** Your goal **
The lines to repeat are those below from the one containing "SEAT Ibiza view 14" down to the one containing "Gebraucht Mercedes C180", both included; reproduce them exactly and nothing else.

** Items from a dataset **
>>>
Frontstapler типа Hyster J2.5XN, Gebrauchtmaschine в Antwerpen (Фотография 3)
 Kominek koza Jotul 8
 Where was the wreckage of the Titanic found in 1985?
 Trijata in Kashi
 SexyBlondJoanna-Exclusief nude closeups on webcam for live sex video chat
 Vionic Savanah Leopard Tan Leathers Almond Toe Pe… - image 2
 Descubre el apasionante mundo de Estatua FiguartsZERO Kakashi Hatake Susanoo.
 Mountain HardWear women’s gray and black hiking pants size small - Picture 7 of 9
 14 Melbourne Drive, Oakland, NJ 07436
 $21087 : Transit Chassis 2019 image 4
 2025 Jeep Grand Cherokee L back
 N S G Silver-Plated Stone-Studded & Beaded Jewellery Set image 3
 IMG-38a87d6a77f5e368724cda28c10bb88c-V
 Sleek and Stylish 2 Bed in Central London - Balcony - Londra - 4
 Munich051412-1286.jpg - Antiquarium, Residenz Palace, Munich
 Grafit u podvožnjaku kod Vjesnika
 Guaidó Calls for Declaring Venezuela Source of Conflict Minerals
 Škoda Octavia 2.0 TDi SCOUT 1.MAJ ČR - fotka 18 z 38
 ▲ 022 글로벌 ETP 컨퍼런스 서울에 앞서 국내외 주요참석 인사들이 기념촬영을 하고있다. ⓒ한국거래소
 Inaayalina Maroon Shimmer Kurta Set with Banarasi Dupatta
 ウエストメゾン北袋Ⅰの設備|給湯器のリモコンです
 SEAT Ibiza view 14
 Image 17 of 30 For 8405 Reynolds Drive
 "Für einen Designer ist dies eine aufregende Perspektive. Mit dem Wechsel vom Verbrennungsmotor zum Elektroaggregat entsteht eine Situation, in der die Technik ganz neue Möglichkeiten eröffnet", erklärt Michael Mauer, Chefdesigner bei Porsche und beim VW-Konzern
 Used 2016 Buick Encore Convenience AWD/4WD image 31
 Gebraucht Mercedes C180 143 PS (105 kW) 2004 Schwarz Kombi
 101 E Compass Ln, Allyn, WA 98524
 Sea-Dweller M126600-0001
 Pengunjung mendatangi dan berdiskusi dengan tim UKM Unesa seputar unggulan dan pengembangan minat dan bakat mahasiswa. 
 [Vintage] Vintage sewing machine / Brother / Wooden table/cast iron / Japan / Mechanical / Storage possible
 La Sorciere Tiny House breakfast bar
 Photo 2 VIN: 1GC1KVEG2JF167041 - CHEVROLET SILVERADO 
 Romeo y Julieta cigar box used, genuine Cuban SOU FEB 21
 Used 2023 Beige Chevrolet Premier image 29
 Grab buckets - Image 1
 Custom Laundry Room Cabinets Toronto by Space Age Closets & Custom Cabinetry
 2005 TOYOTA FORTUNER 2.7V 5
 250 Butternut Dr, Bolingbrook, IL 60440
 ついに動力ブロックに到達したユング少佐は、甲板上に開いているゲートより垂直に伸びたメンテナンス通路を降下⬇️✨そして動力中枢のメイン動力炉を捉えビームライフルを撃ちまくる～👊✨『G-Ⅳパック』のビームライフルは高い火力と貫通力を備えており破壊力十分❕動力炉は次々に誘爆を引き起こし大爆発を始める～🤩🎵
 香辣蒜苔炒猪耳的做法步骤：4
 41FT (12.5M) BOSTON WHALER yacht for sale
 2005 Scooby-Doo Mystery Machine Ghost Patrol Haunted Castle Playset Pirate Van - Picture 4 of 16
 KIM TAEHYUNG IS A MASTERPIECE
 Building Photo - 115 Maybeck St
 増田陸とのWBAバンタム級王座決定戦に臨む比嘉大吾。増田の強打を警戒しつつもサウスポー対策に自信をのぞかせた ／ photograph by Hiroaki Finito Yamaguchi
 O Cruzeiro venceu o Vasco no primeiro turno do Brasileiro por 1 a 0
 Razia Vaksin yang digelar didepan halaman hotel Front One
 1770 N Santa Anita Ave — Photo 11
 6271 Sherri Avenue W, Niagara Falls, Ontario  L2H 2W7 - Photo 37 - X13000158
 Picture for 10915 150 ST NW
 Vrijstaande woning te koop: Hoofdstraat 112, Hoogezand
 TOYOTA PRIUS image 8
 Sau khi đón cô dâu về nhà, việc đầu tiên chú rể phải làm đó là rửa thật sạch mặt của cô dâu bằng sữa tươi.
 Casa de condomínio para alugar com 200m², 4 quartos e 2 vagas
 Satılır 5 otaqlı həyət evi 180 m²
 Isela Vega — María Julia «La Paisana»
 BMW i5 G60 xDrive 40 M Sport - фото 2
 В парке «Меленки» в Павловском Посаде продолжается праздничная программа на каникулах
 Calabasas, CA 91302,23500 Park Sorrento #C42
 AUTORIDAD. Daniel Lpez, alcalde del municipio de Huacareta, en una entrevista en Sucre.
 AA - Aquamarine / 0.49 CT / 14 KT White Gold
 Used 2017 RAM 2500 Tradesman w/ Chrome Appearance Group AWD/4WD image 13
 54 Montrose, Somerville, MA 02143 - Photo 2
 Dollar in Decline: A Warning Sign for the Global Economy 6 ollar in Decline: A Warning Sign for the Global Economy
<<<
** Written answer **
 SEAT Ibiza view 14
 Image 17 of 30 For 8405 Reynolds Drive
 "Für einen Designer ist dies eine aufregende Perspektive. Mit dem Wechsel vom Verbrennungsmotor zum Elektroaggregat entsteht eine Situation, in der die Technik ganz neue Möglichkeiten eröffnet", erklärt Michael Mauer, Chefdesigner bei Porsche und beim VW-Konzern
 Used 2016 Buick Encore Convenience AWD/4WD image 31
 Gebraucht Mercedes C180 143 PS (105 kW) 2004 Schwarz Kombi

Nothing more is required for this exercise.